__Task to carry out__
Only the pictures are to be left out; the listing itself is repeated exactly.

__Provided records__
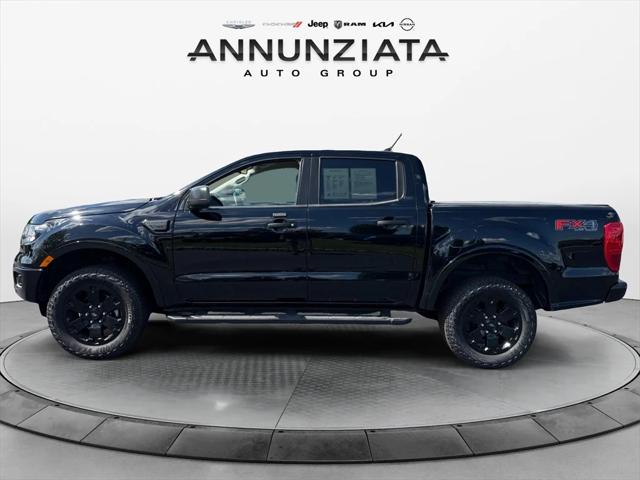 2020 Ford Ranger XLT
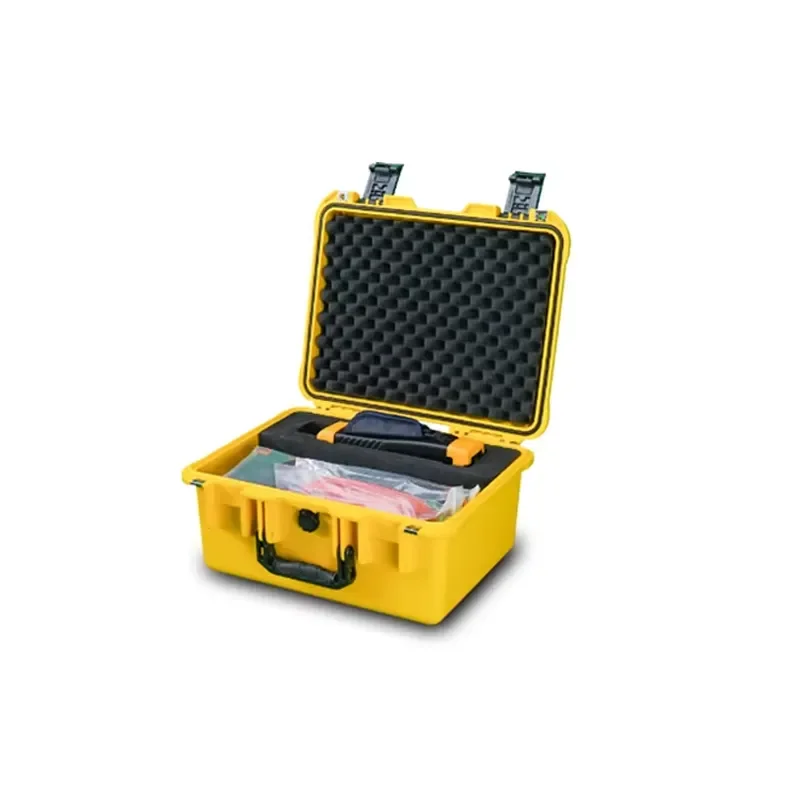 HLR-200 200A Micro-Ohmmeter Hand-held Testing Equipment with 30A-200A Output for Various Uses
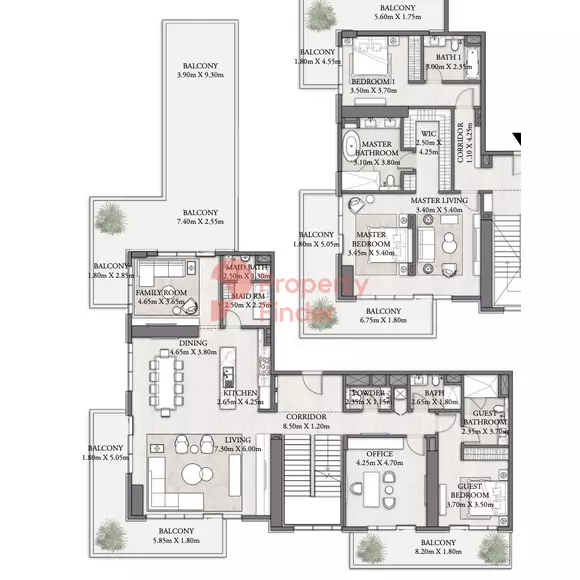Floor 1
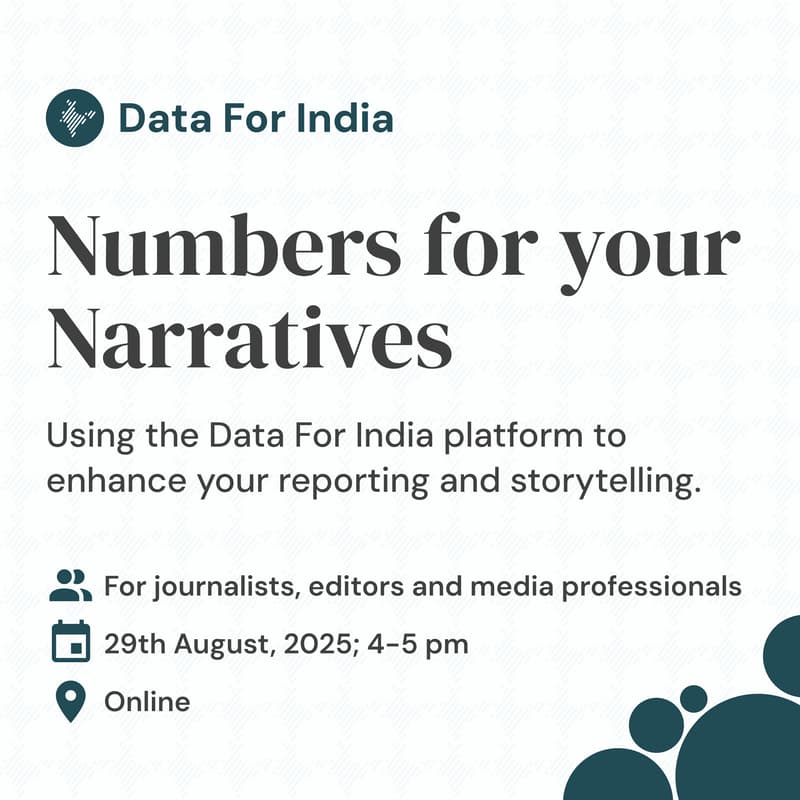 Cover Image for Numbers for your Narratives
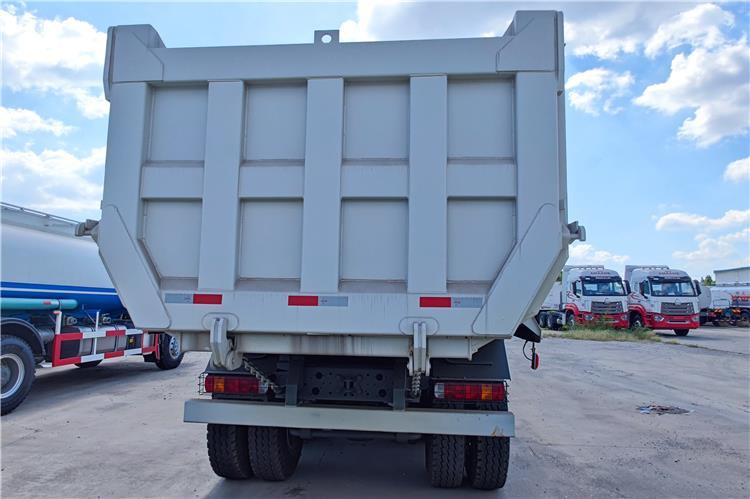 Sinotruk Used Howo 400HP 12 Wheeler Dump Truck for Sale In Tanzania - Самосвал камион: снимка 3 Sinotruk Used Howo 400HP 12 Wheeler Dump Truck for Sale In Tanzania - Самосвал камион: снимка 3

__Reply__
 2020 Ford Ranger XLT
 HLR-200 200A Micro-Ohmmeter Hand-held Testing Equipment with 30A-200A Output for Various Uses
Floor 1
 Cover Image for Numbers for your Narratives
 Sinotruk Used Howo 400HP 12 Wheeler Dump Truck for Sale In Tanzania - Самосвал камион: снимка 3 Sinotruk Used Howo 400HP 12 Wheeler Dump Truck for Sale In Tanzania - Самосвал камион: снимка 3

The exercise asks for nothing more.